Having explicitly stated that she doesn’t speak Spanish, and called anyone who assumes she does a bigot, she then says, “Hispanics are no longer seen as a foreign unwashed menace… with that dirty little language of theirs; we are a domestic market.” We?
Let’s skip ahead 100 pages to page 105: Her boss Chuck, a ridiculous dorky white man – of course – can’t speak Spanish. While she doesn’t actually say “I’m aggrieved by this!” it’s a strong subtext:
“It wasn’t until [blah blah] that Chuck figured out who Ricky Martin was. Now he goes around, years too late, singing “Livin’ la Vida Loca,” only he can’t say vida and he can’t say loca, so he ends up singing ‘Livin’ Evita Loqua.’”
He can’t pronounce words in Spanish – a language which I don’t speak either. But I’m going to act aggrieved anyway. It’s so culturally insennnnnnsitive! How DARE you not speak a language which I also don’t speak?! You fucking American bigot!
I remember when Livin’ la Vida Loca was a hit. I never encountered a whitey who couldn’t say it. “Vida” and “loca” are easy words to say. She couldn’t even be bothered to come up with a word that contains, for example, the letter ñ (say “enye”), which is not pronounced like n, and which a non-Spanish speaker might actually be confused about. For someone who writes so voluminously – you should read the 100 pages of pointless filler I skipped over – she sure is a lazy writer. How hard would it have been to make up such an example?
Enraging though all this is, it’s a great example of the sheer illogicality of leftism and female-think. And when you combine leftism and female-think, WOW. First she whines that she’s expected to do her job (how unfair!). Then whines that the waitress isn’t doing her job. Then she denies speaking Spanish, then acts personally aggrieved that some whiteys might have a low opinion of Spanish. Jeez. The sheer lack of any consistency, or any concern for consistency, really is shocking. Yeah, I know I shouldn’t be shocked. I’ve been studying leftists, and women, for decades. Yet the Satan-level hypocrisy and double standards make steam come out of my ears.

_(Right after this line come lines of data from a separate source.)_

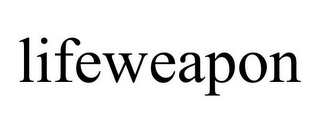 LIFEWEAPON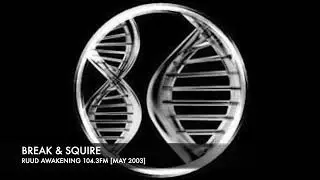 Break & Squire - Ruud Awakening 104.3FM (May 2003)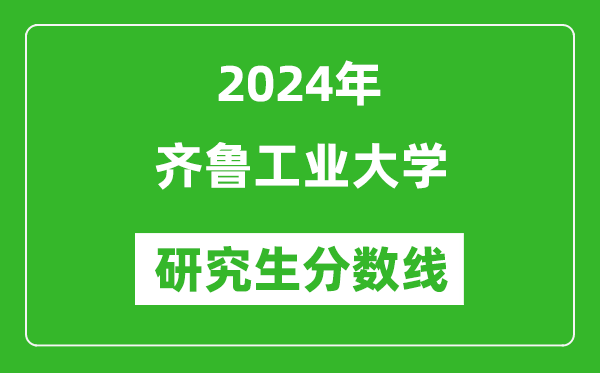 2024年齐鲁工业大学研究生分数线一览表（含2023年历年）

A Net search reveals that the author of this identity-politics Communist Manifesto got a job at the Los Angeles Times after this novel was published. (The double-journalist set of characters was obviously an author-insert fantasy.) Anyway, she ended up quitting her job at the L.A. Times, accusing that paper of… can you guess? I bet you can! … racism and sexism! Surprise!

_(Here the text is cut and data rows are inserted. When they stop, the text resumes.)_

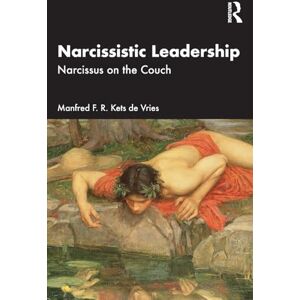 Kets de Vries, Manfred F. R. Narcissistic Leadership: Narcissus on the Couch Kets de Vries, Manfred F. R. Narcissistic Leadership: Narcissus on the Couch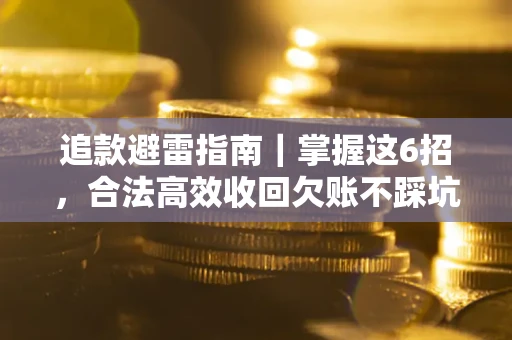 武汉追款避雷指南｜掌握这6招，合法高效收回欠账不踩坑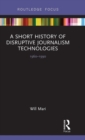 A Short History of Disruptive Journalism Technologies : 1960-1990 - Book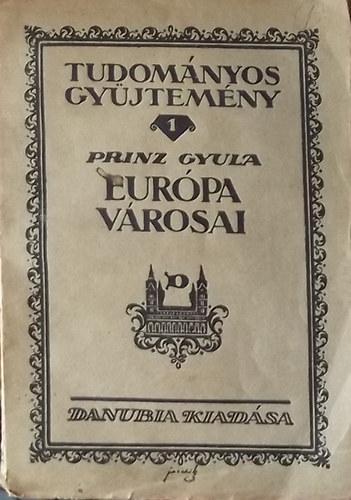 Prinz Gyula - Eur�pa v�rosai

In what other country in the world would people put up with this crap? If you went to China, got a cushy “job” as a “reporter” and then quit with complaints that the newspaper was full of Chinese people, I’m pretty sure they’d “invite” you to leave the country. Only in the white world do we let people come to our countries and abuse us this way. The situation cannot last.
Back to it. P. 102: a diatribe against a right-wing journalist lying. Unreal. Who lies more, right-wing journalists or left-wing journalists? On the same page, a diatribe against a right-wing political group throwing Molotov cocktails. Bitch, please! Who throws more Molotov cocktails, right-wingers or left-wingers? It really is true that leftists always project.
Also on page 102: She recalls that when she started working at the newspaper, an old hand gave her three pieces of advice, Blah, Blah-blah, and “Three, don’t wear your skirts so short ’cuz you’re makin’ me sweat.” You wish, honey.
P. 103: Back near the start of the book, the Narratrix had recalled a scene in which a college professor was so scared of having several hispanic women in the class that he was literally trembling. (WTF?) on p. 103 we get more surreal fantasizing that white people find her scary because she’s hispanic: “I love my desk. I have draped it in Mexican rugs and Santeria beads just to scare everyone.” Then, in the same paragraph, some whining about her boss sending her out to cover a story and adding, “Bring me back some biscotti, almond.” Ah, yes, I always order people I’m scared of to run errands for me.
P. 103-4: Complaining about how her boss sent her on a job to cover some Mexican laborers. How dare he assume that I’m Mexican, just because I’m hispanic! MAYBE THAT HAS SOMETHING TO DO WITH THE FACT THAT YOU DRAPED MEXICAN RUGS ALL OVER YOUR DESK, YOU FUCKING CUNT.
Alright, I’m done. Pretty sure this book doesn’t contain any fun “dirty girl” stuff, now that I’m more than 100 pages into it. Given that nothing prefigured by the title actually appears in the novel, as far as I can tell, I infer that the title was purely chosen to trick people into reading the identity politics screeching.